As she reluctantly shared her experiences, Burgess sat amazed at all that this ‘small woman’ had indeed accomplished as part of her missionary opportunities among the Chinese people. The account is as follows: Alan Burgess, who was producing a series on war heroes for the BBC radio, visited her in the hope a missionary could tell him about heroes she had heard about in China. Well, no, she said in her rusty English. She didn't actually know any heroes. "What about yourself?" he asked the little woman half-heartedly. "Did you have a scrape or two?" "I doubt people who listen to BBC would think I've done anything interesting." "Didn't you even come into contact with the Japanese invaders?" he pressed. "Yes," she answered cryptically. It wouldn't be very forgiving if she told Alan Burgess the Japanese had shot her down in a field outside Tsechow. Bombed her too. In Yangcheng. Strafed her near Lingchuang too. Smashed her on the noggin once with a rifle butt too. Finally put a price on her head: dead or alive. "Some Japanese are very nice, you know," she volunteered. "Apparently your life in China was rather sheltered," he grunted dryly. Gladys had to offer the poor man something. "I did take some children to an orphanage near Sian." "You don't say?" he grumbled, not hiding disappointment. "Kids? To an orphanage?" "Yes, we had to cross some mountains." Burgess perked up. "Real mountains?" "Yes, I believe you would call them real mountains. The journey was made more difficult because we couldn't walk on the main trails. Oh, and then we had to get across the Yellow River too." "Isn't that the notorious river that drowns so many it's called 'China's Sorrow'?" Burgess was more and more aghast as Gladys detailed her trek. His voice choked. "You ran out of food? You had no money? Just you and 100 kids - many of whom were toddlers - trekked for one month across mountains, across the Yellow River, ducking Japanese patrols and dive-bombers? And at Sian you were diagnosed with typhus and pneumonia and malnutrition? Yes, Miss Aylward, I think people who listen to BBC would think you've done something interesting…" [Source: The Small Woman by Alan Burgess, 1957, revised addition, 1969].
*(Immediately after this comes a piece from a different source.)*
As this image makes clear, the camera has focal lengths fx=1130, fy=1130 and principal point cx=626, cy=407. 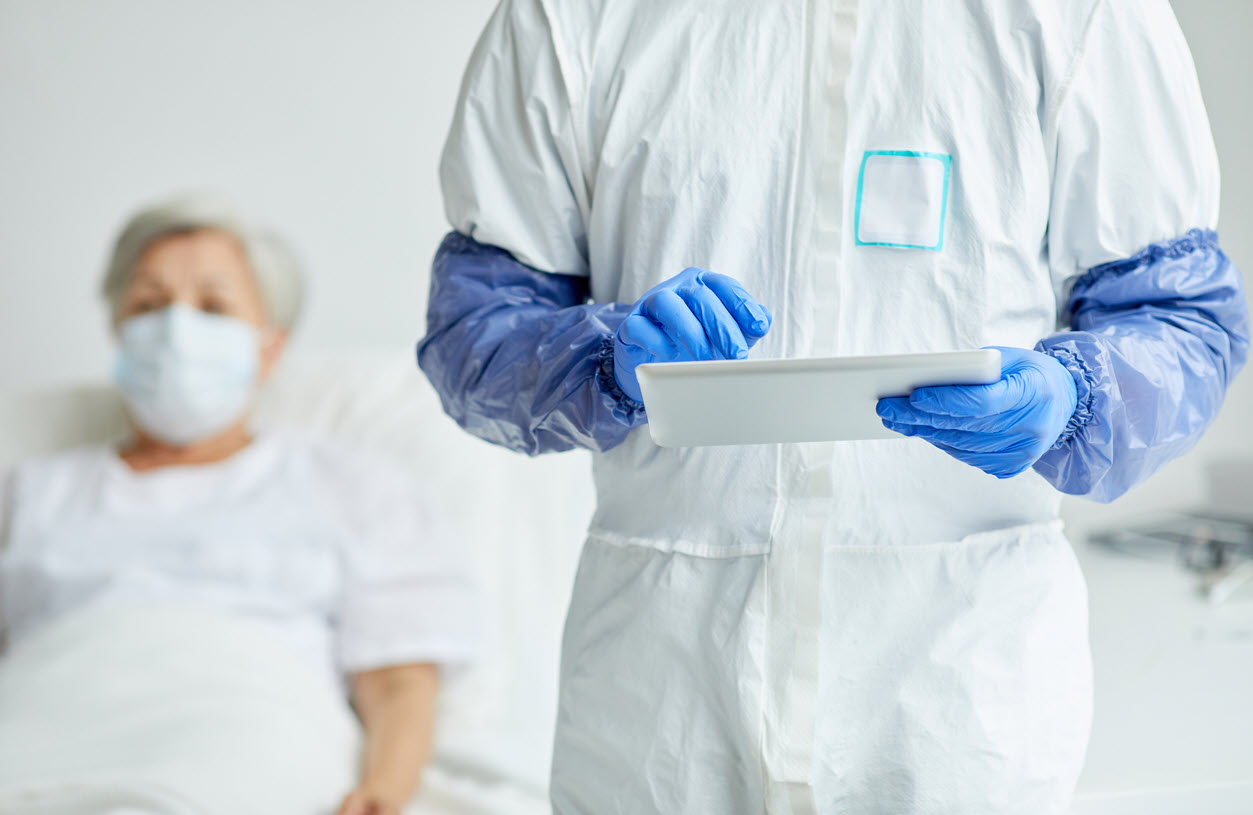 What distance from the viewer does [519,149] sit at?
0.96 m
In my heart of hearts, I know that we are not supposed to compare our lives to those of others. But in my heart of hearts, I also know that, for the most part, my life has been a waste of time, talent and energy in pursuit of who knows what.

I was recently asked what I was most afraid of in life. My answer was ‘unfulfilled potential’.
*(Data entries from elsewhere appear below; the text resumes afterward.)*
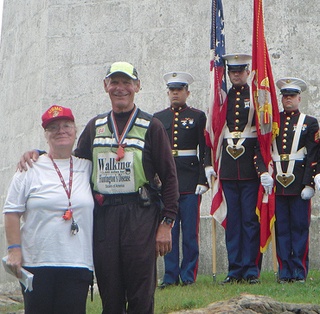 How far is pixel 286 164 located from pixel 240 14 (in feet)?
8.00

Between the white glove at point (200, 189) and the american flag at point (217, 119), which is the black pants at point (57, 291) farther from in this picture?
the american flag at point (217, 119)

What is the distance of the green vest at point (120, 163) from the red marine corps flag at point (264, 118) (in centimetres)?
283

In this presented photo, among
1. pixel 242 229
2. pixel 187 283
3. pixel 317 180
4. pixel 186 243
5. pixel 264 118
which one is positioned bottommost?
pixel 187 283

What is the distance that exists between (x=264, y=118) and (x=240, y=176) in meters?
0.53

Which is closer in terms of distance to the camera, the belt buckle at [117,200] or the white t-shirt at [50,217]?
the white t-shirt at [50,217]

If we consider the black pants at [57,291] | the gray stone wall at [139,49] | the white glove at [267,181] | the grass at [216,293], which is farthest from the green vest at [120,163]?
the gray stone wall at [139,49]

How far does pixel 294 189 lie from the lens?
8.03m

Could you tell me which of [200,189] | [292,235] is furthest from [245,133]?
[292,235]

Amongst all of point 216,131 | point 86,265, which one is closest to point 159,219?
point 86,265

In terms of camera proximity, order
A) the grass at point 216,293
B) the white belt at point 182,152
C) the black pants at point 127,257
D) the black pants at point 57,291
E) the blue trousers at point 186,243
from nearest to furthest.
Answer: the black pants at point 57,291
the black pants at point 127,257
the grass at point 216,293
the blue trousers at point 186,243
the white belt at point 182,152

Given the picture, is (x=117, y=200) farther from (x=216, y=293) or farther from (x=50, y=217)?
(x=216, y=293)

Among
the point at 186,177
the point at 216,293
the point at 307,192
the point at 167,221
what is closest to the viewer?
the point at 167,221

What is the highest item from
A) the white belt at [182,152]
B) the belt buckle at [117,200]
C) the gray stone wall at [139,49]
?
the gray stone wall at [139,49]

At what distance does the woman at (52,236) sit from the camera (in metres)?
5.00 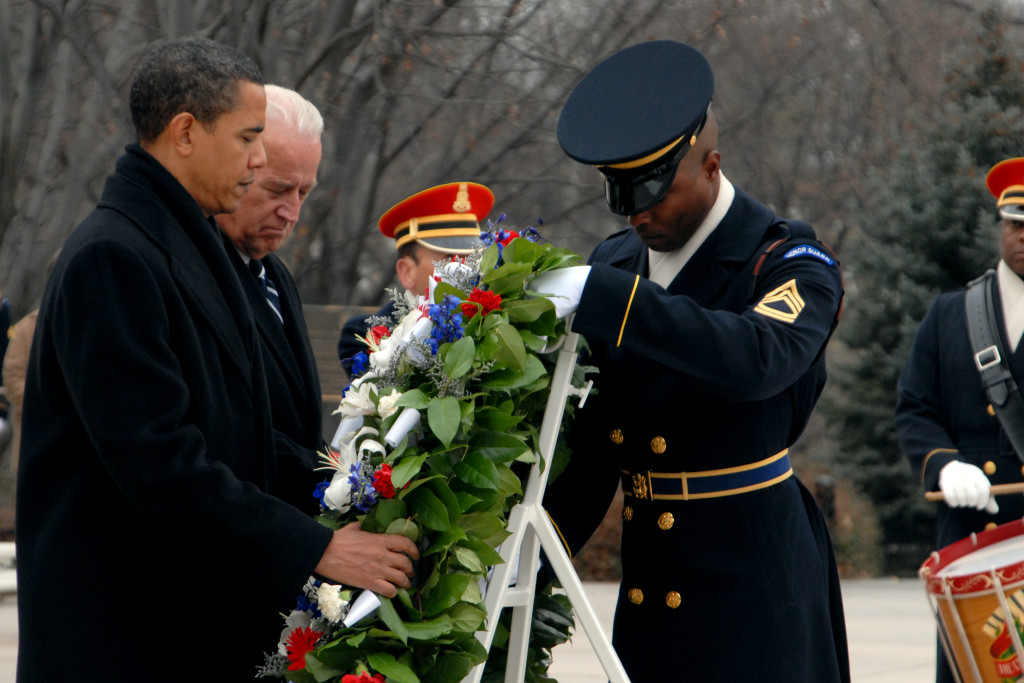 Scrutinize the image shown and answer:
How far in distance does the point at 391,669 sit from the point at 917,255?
11.0 meters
While I understand that everyone is in a life’s circumstance that is tailor made for them by a kind and loving Father in Heaven who understands us and our capacities, I worry that what has been made for me in my life has gone largely unrecognized as I have searched for something else that I thought to be better.

I have bartered away what could have been for the fear of one tiny word - Ordinary.

That’s why.

The brand mark of unfulfilled potential in the minds of people the world over who daydream of being something ‘greater’ yet who do nothing to achieve greatness. Preparation for life and it’s circumstances are not always given due attention because the dream of something better overshadows all else.

No one wants to be ordinary, yet most of us are.

We wake up and eat breakfast and kiss someone goodbye as our day begins only to do the same things in our jobs or wash the same clothing we just washed a couple of days before. We return together as family or friends or come home alone at the end of our day, whether that end comes at sunrise or sunset. And like the dreams of Tevya in ‘Fiddler on the Roof’, we seek to be wealthy and have the dreams of avarice to let everyone know just how important we want to be.
But reality for us is more the day to day, the empty pack of dental floss, the half eaten breakfast as we realize we woke up late and will now have to rush to get to our destination. That doesn’t have to be a bad reality because most of us spend our time trying to make sure our family and friends know that we love them at least once in a while amidst the chaos and the shouting and the running man activity that defines who we are when the alarm goes off each day.

Who are we when we are alone with our thoughts?

Are we heroic or cowering, willing or hostile? Do we awake with only the most vague memories of dreams gone by or a Technicolor remembrance that would put Tinsel Town to shame – if only it could be recorded? Or are our days simply a mechanism to get to the next day?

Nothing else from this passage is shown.